Opinion – Zeca Camargo: A walk in Madrid with Bruno Gagliasso

by

“Did you know that this flower shop was a cemetery?’, Bruno Gagliasso asks me. I’m walking around Madrid with one of the best Brazilian actors of his generation and, even knowing the city (and Bruno), I was taken by surprise: I thought I knew the Spanish capital more than him.

I should have suspected. For eight months in 2021, the actor lived in Madrid to record a new Netflix series, “Santo”, which premieres on Friday (16) internationally. And now I was here, invited to walk with him around the filming locations.

It wasn’t the first time I thought of that city as a setting. I met her in the early 1980s, walking around Gran Vía at dawn with a magazine called “Madrid Me Mata” (I swear!) under my arm, wandering through places I would one day see in those early Almodóvar films.

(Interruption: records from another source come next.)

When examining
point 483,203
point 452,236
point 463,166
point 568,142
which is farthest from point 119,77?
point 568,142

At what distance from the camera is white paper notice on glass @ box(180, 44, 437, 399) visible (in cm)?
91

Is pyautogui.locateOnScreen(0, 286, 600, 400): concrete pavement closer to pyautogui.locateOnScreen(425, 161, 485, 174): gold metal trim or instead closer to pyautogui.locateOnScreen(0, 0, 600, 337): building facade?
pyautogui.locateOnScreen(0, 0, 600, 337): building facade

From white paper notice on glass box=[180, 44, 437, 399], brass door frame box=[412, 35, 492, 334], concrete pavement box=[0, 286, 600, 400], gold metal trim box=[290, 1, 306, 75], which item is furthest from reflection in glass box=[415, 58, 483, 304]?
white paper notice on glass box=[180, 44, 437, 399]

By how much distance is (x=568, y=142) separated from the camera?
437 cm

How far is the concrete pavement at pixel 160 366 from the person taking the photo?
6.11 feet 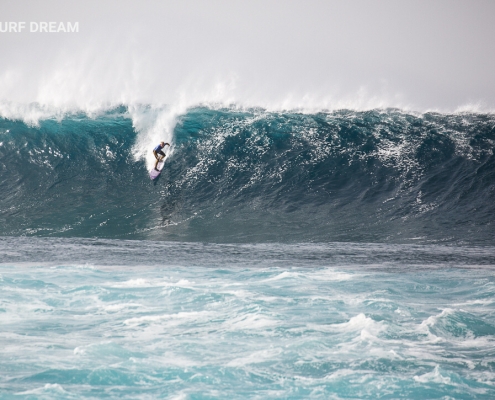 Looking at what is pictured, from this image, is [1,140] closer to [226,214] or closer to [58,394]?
[226,214]

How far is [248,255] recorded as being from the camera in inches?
691

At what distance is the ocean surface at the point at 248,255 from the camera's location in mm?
9156

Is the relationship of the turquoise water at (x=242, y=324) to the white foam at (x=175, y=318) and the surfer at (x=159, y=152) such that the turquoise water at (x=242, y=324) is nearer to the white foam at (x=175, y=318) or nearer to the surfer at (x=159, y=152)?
the white foam at (x=175, y=318)

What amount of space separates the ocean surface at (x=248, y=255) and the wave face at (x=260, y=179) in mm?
100

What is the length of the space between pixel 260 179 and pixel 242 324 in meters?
13.9

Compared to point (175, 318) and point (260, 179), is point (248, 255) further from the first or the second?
point (260, 179)

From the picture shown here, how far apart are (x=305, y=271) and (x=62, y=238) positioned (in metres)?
7.97

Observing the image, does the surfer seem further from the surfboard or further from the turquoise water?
the turquoise water

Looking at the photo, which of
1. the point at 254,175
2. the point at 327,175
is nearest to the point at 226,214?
the point at 254,175

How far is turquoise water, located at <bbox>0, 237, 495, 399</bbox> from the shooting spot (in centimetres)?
871

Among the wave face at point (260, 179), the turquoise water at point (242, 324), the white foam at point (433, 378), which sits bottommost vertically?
the white foam at point (433, 378)

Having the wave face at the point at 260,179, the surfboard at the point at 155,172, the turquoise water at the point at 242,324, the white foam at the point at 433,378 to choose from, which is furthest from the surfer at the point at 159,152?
the white foam at the point at 433,378

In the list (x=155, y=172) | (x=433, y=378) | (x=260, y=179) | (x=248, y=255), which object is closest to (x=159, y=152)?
(x=155, y=172)

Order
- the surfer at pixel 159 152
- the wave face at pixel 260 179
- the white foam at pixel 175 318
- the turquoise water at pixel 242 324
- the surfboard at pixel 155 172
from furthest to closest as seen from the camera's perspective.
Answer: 1. the surfer at pixel 159 152
2. the surfboard at pixel 155 172
3. the wave face at pixel 260 179
4. the white foam at pixel 175 318
5. the turquoise water at pixel 242 324
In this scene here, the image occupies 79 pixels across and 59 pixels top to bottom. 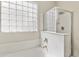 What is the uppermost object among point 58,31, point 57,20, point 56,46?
point 57,20

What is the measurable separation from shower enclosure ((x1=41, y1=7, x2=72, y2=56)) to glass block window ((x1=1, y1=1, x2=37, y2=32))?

In the 1990s, interviewing Rossy de Palma, one of the muses of the great Spanish director, she told me that it was right there where I walked that she performed in ephemeral cabarets, at the beginning of her career, with her band brilliantly called Peor Impossible. . I almost cried when I remembered seeing one of those shows.

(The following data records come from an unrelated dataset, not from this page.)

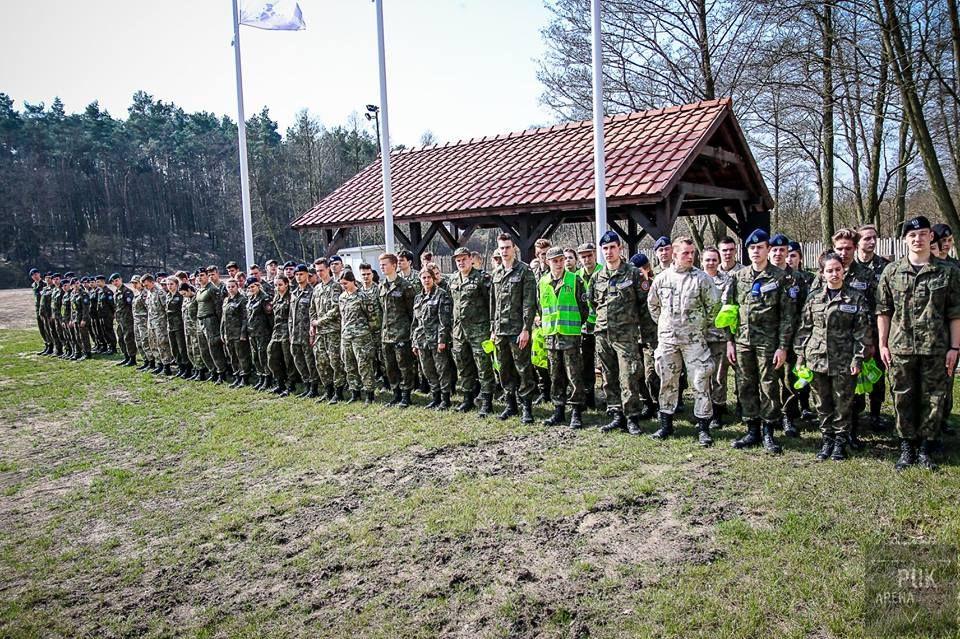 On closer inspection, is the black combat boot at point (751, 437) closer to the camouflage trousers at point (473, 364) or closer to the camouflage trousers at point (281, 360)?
the camouflage trousers at point (473, 364)

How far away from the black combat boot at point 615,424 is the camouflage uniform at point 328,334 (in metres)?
4.19

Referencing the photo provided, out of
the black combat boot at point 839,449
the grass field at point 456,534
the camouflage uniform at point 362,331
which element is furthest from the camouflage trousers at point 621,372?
the camouflage uniform at point 362,331

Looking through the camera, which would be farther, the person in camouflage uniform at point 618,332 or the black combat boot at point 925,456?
the person in camouflage uniform at point 618,332

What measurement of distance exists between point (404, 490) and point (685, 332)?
3045 millimetres

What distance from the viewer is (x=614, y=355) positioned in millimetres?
6910

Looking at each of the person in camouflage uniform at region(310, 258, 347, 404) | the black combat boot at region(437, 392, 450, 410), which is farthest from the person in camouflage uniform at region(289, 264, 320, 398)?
the black combat boot at region(437, 392, 450, 410)

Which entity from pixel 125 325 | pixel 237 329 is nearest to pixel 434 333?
pixel 237 329

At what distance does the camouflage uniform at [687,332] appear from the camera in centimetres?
614

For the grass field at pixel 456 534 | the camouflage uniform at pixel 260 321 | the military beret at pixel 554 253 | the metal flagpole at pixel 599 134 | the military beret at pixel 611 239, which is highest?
the metal flagpole at pixel 599 134

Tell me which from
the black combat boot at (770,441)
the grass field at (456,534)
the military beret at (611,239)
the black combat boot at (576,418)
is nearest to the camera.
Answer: the grass field at (456,534)

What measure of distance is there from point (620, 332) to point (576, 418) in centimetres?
113

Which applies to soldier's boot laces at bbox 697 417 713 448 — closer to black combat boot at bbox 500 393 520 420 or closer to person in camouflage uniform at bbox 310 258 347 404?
black combat boot at bbox 500 393 520 420

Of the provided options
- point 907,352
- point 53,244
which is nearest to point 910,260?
point 907,352

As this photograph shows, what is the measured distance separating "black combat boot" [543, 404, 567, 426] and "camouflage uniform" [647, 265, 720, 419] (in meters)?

The Madrid I was now traveling with Bruno was another. No less bohemian, but more modern and urban, sometimes even darker. Three adjectives that inevitably also go with “Saint”.

In it, Gagliasso lives a Brazilian federal police officer who, without much spoiler, ends up on the streets of Madrid looking for a bandit he started chasing in Salvador. Santo is not a common criminal, and little by little we come to understand Ernesto Cardona’s obsession with him.

The story is a jigsaw puzzle, which we are putting together and realizing how a cruel (and sadistic) bandit became a kind of cult, even creating its own mythology. And what a pleasure it was to feel in Madrid itself the energy of the addresses that are part of history.

We started with the apartment where he stayed during the filming, a charming building on Rua de los Madrazos, next to the actors’ entrance to the imposing Zarzuela Theater. Bruno was at home.

From there, we went to the neighborhood of Las Letras, where Cardona lived, a 15-minute journey during which Bruno delighted in greeting people from the places he frequented. In eight months he can be known in the neighborhood…

In Las Letras is the flower shop/cemetery where he bought white roses for a purification ritual for his character. Even on Spanish soil, Cardona seems to have never left Bahia…

We stopped to eat at the stupendous Mercado de San Miguel, where Bruno “punched” between one shoot and another. We had some tapas there—yes, in the feminine, as the Spaniards call aperitifs.

I went for the olive skewer (long live Spain!) and he stared at some empanadas. All washed down with a good “verano red”. I suggest doing a google to find the perfect recipe for the best drink for the summer.

We then passed the Universidad Complutense Faculty of Medicine, the scene of a moment in which Cardona, during a hallucination, almost jumped out of the window. And the beautiful Príncipe Pio train station, which I didn’t know, where one of the many action scenes in “Santo” was filmed.

At the end of the day, I gave in: Bruno knew Madrid better than I did. But I didn’t give up.

Despite my tiredness, I asked him if he would like to have a drink, and suggested a new temple of natural wines in the city, the Gota. “Do you know?”, I asked as a provocation. “No,” said Bruno excitedly. That’s where our second round started.